Lindsay did an excellent blog post yesterday titled "Everything old is new again", about the re-emergence of multi-dimensioned databases.

Great title, but just to prove his point, it applies even better to a post he shared on Google Reader a few days ago, written by Kurt Schrader and titled "Living in a Post Rails World". To quote that post:

I think that the Ruby world is eventually going to end up in a model like this, writing small simple apps that all talk to each other, and can be replaced or upgraded at any time.

<snip two paragraphs>

All of my hard/long running logic is well tested, encapsulated, and most likely running in little agents on the wire.

Sound familiar? It should. Kurt has re-discovered the same principles that the Holy Fathers of Unix discovered, over a quarter of a century ago. Doug McIlroy, circa 1978:

(i) Make each program do one thing well. To do a new job, build afresh rather than complicate old programs by adding new features.
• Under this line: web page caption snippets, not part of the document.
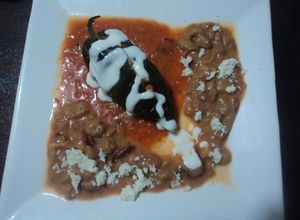 Una foto de Chile relleno de totopos entomatados y pollo, con frijoles con pelo de ángel de chile, las Correa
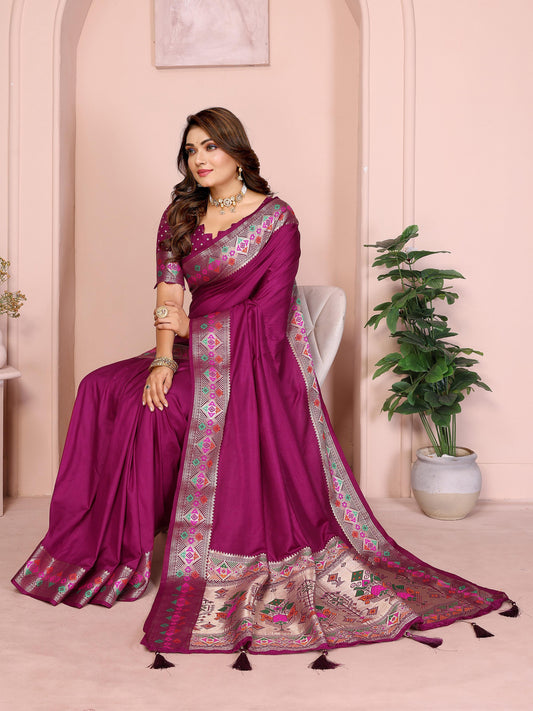 Woman wearing a plum purple silk saree with an ornate multicolor woven border featuring geometric and floral motifs, paired with a matching embroidered blouse and accessorized with a statement choker necklace, bangles, and rings. She poses gracefully in a pastel arched studio decorated with a white side table, floral vase, lush potted green plant, and a vintage-style chair, creating an elegant and sophisticated ambiance.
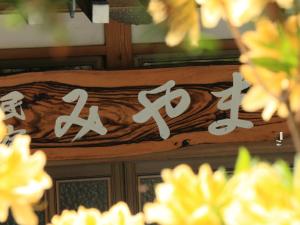 un cartel de madera con escritura japonesa. en Minshuku Miyama, en Yamanouchi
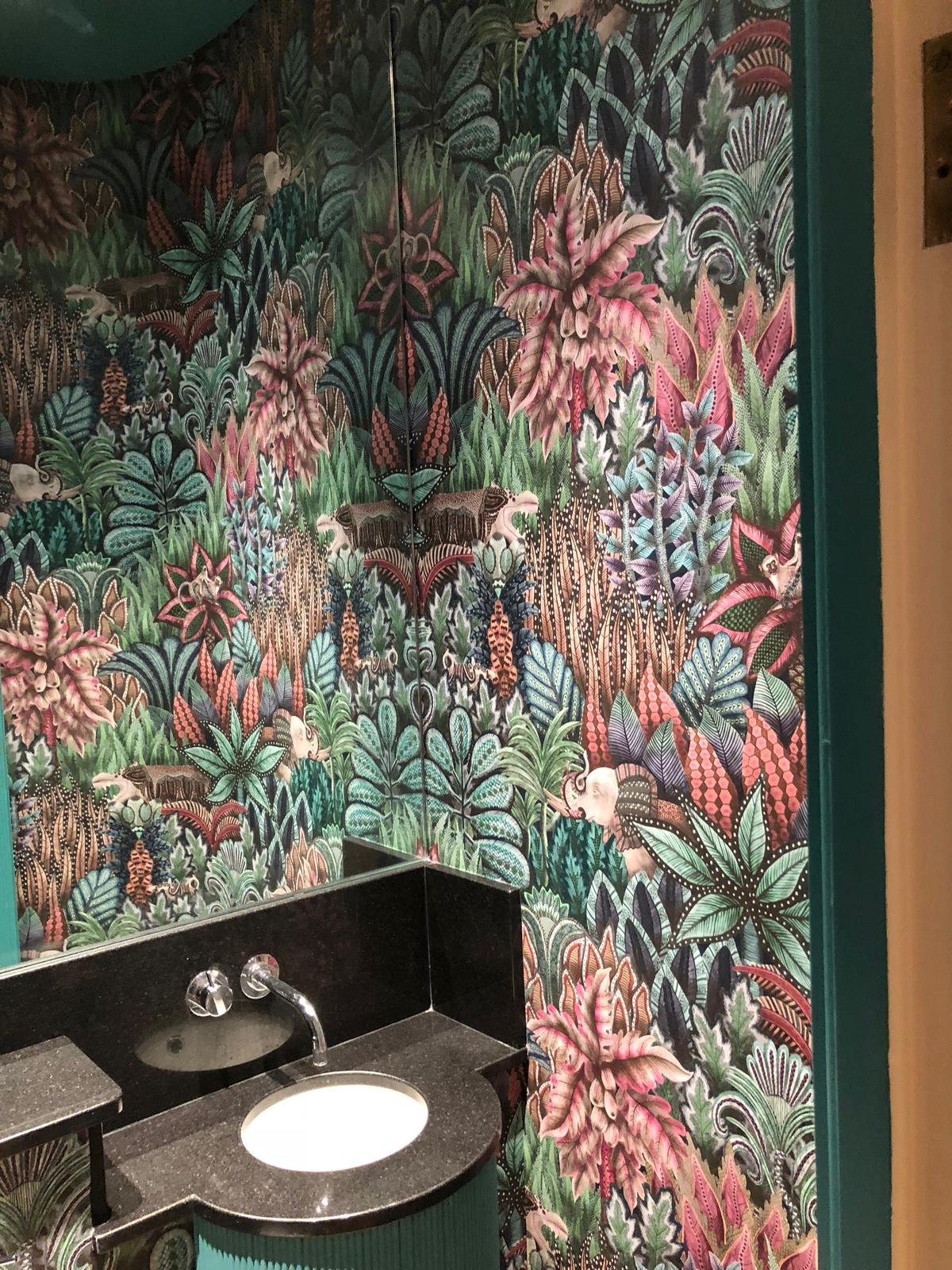 Brightly colored jungle-themed wallpaper with various tropical plants, animals, and insects surrounding a small black granite sink.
(ii) Expect the output of every program to become the input to another, as yet unknown, program. Don't clutter output with extraneous information. Avoid stringently columnar or binary input formats. Don't insist on interactive input.

Later, he simplified it:

This is the Unix philosophy: Write programs that do one thing and do it well. Write programs to work together. Write programs to handle text streams, because that is a universal interface.

Of course, Henry Spencer said it the best:

Those who don't understand UNIX are condemned to reinvent it, poorly.